Is Landlord Insurance More Expensive than Homeowners Insurance?

Boston has one of the most competitive rental property markets in the country. The city has consistently recorded low vacancy rates in terms of commercial and residential spaces for rent. A significant majority of companies that are renting would be involved in healthcare, high-tech, and education sectors.

The rental property market is colossal. According to government data, in 2017, there were 42 million household rentals in the U.S. In terms of ranking, Boston is right near the top with nearly 392,000 renters. The figure translated to over 63% of the city’s total population. The Massachusetts cities with a high ratio of renters included Lawrence, Worcester, Springfield, Cambridge, Lowell, and Fall River.

Nevertheless, the rental market is tight, with a vacancy rate of 3.87%, which was significantly lower compared to the country’s mean value at 6.18%.

Understandably, investors want to make a windfall by participating in this competitive landscape. And when you decide to join the fray, do not forget to inquire from your insurer on landlord insurance Massachusetts.
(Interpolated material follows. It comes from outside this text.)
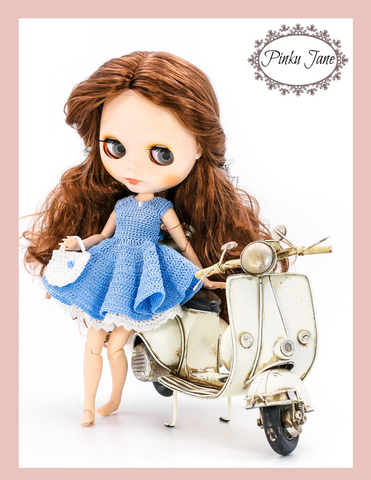 Pinku Jane Blythe/Pullip Miss Audrey Dress and Petticoat Crochet Pattern For 12" Blythe Dolls Pixie Faire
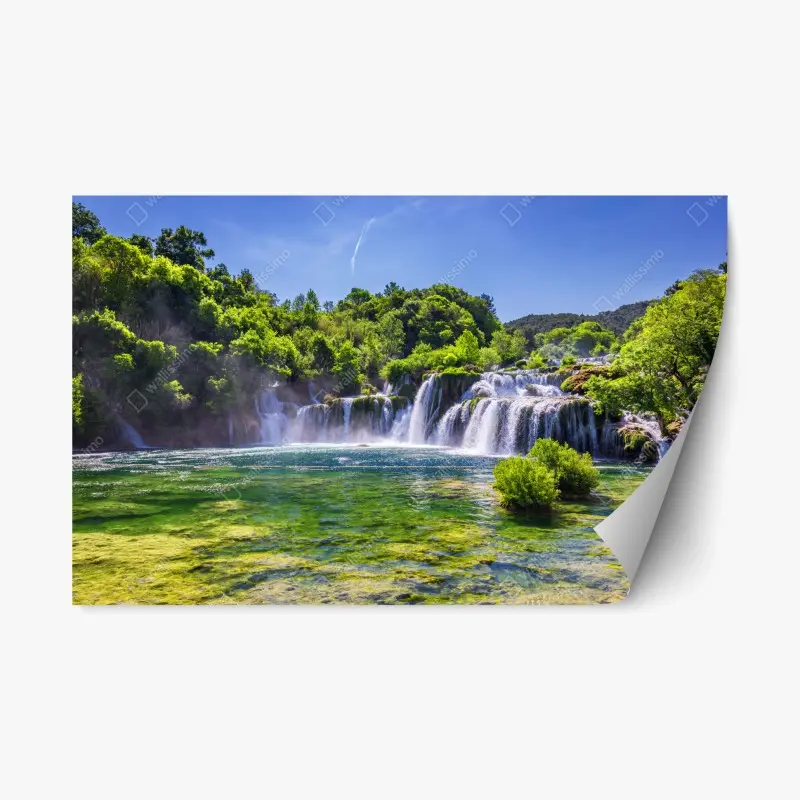 Adesivo riposizionabile paesaggio incantato di Skradinski Buk, cascata del parco nazionale Krka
Even if you are a homeowner who decided to rent out your unused space, it is recommended that you purchase landlord insurance, which cloaks your property with a wider mantle of protection compared to the standard homeowner’s insurance. The coverage options are not as diverse; however, you have the big ones, such as fire, flood, wind, ice, and theft.

How Much Should I Pay in Landlord Insurance?

The premium for landlord insurance in Massachusetts would be 15-20% higher compared to the homeowner’s insurance. You can easily compute this using your own insurance policy to grasp better how much it would cost when you shift policies.

For 2019, the average cost of homeowners insurance was $1083 per year, according to ValuePenguin. At the top ceiling of 20%, your estimated landlord insurance would be $1,300.

The costly premium is understandable, considering that the properties involved are larger and more expensive. Only a small portion of these are residential spaces that allow renters. However, other factors change the computation of your premium. For example, if you take in short-term rentals, insurers classify this as high-risk, which means a higher premium.

Even the type of rental arrangement will affect landlord insurance in Massachusetts. For example, a condo would have different coverage to a single-family home. The same goes for a two-family home or a four-unit house, and whether or not you have seasonal rentals, full-time rentals, or short-term rentals.

Computation for retail and commercial space insurance would be different compared to an industrial space. Lastly, the deductible amount will also have an impact on the insurance cost. As in most policies, the lower the deductible, the higher would be the annual premium. These are why you could not easily find real figures out there when you search landlord insurance costs.

Not Enough Protection

Landlord insurance is created for a reason, and that is to address concerns specific to the industry. The common mistake of some first-time landlords is to rely on their homeowner’s insurance when their properties have already shifted focus. For all intents and purposes, their old policy is no longer sufficient to cover their unique needs. They will find out the hard way in the event of fire, storm, ice damage, or when a tenant figures into an accident that demands medical expenses.

Do not make this rookie mistake when you want to become a landlord. Inquire about getting landlord insurance first before you even start advertising your property.